What to produce: In the listing beneath this line, copy exactly the lines starting with the one containing "Demetera1982 Chat XXX Ngoại tuyến" and going on through the one containing "Contemporary-bespoke-built-in-cabinetry-by-AlenaCDesign".

Dataset extract:

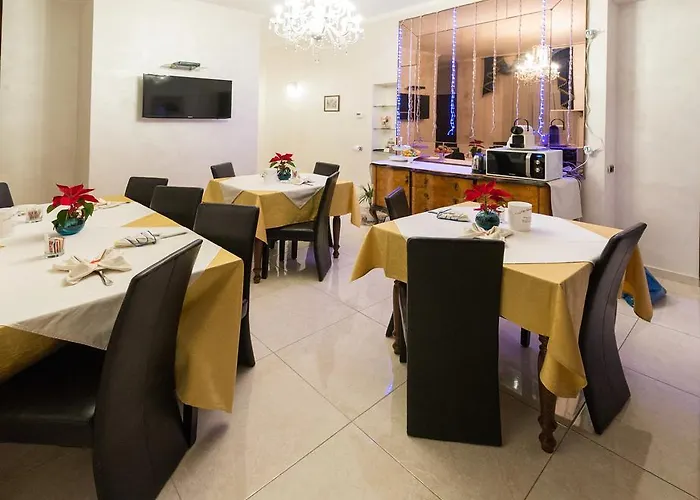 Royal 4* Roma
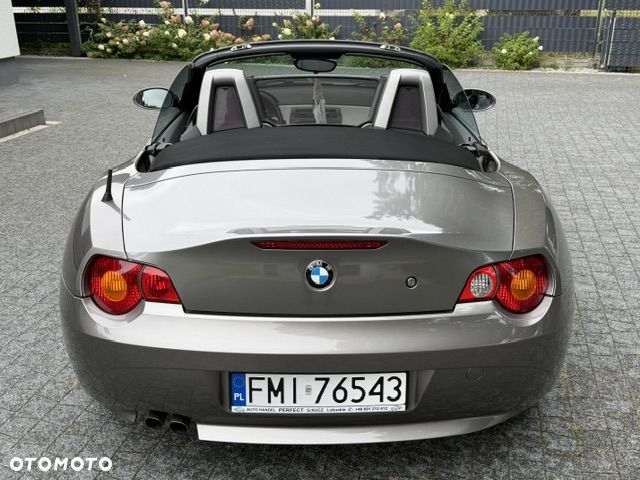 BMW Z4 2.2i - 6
---
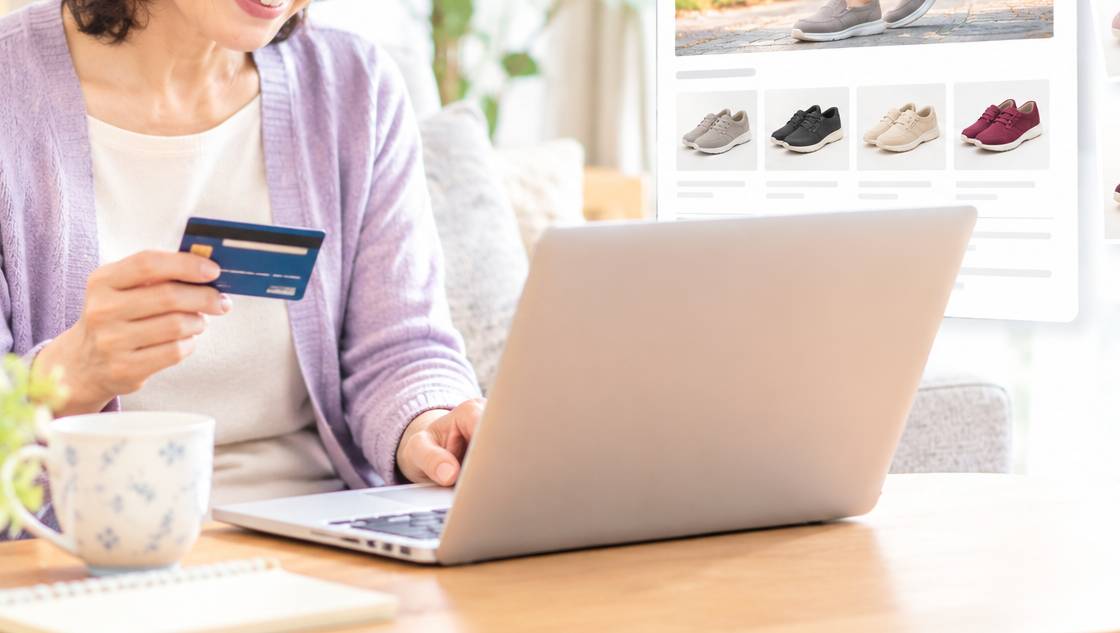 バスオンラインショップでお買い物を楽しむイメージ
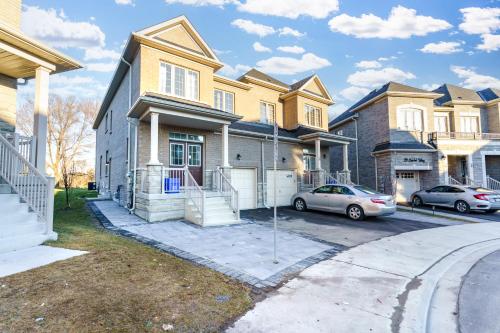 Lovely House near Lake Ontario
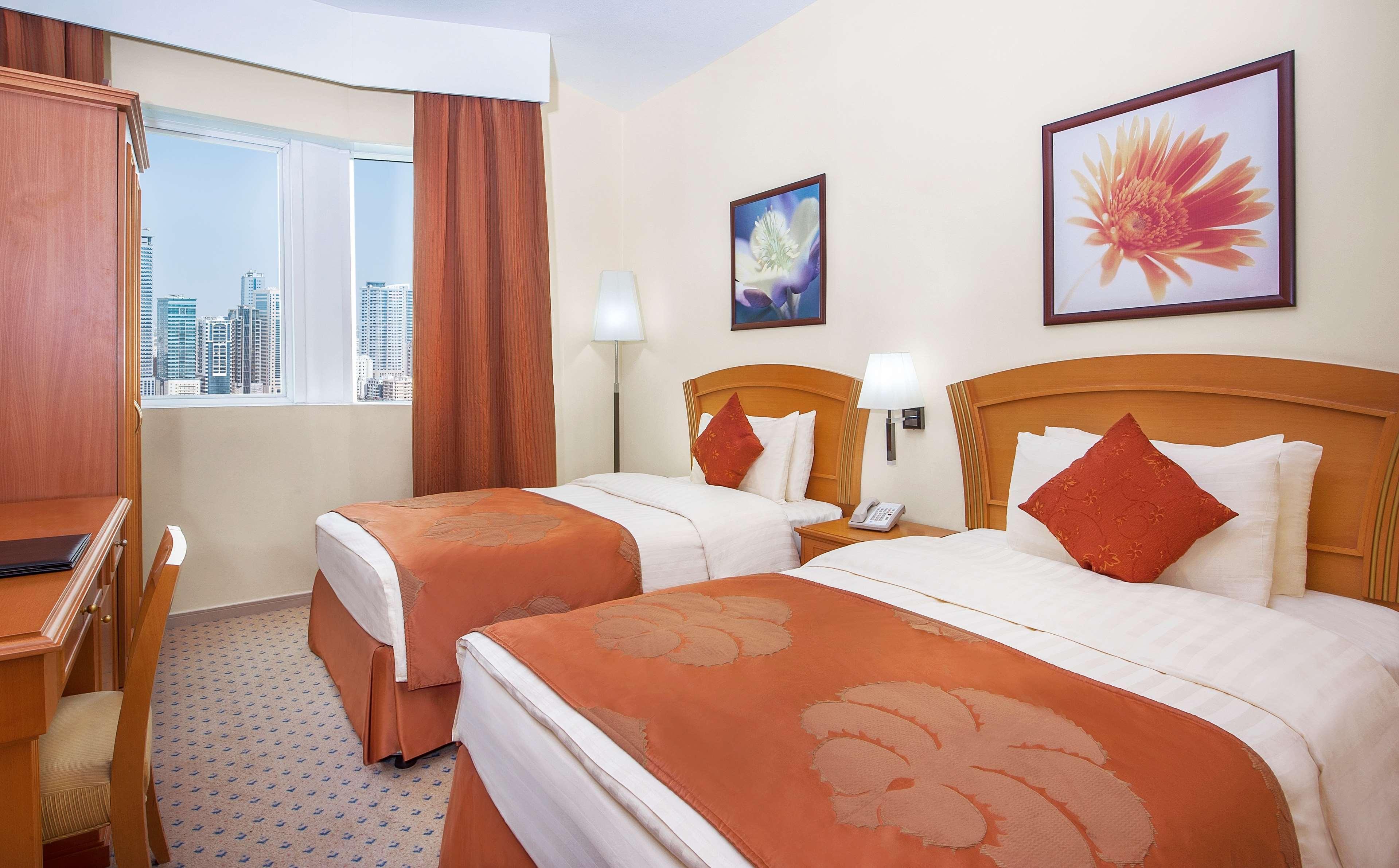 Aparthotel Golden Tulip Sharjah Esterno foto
--
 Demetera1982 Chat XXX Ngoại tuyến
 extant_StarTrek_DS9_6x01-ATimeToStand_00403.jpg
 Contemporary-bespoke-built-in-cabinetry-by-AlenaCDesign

Output of the exercise:
 Demetera1982 Chat XXX Ngoại tuyến
 extant_StarTrek_DS9_6x01-ATimeToStand_00403.jpg
 Contemporary-bespoke-built-in-cabinetry-by-AlenaCDesign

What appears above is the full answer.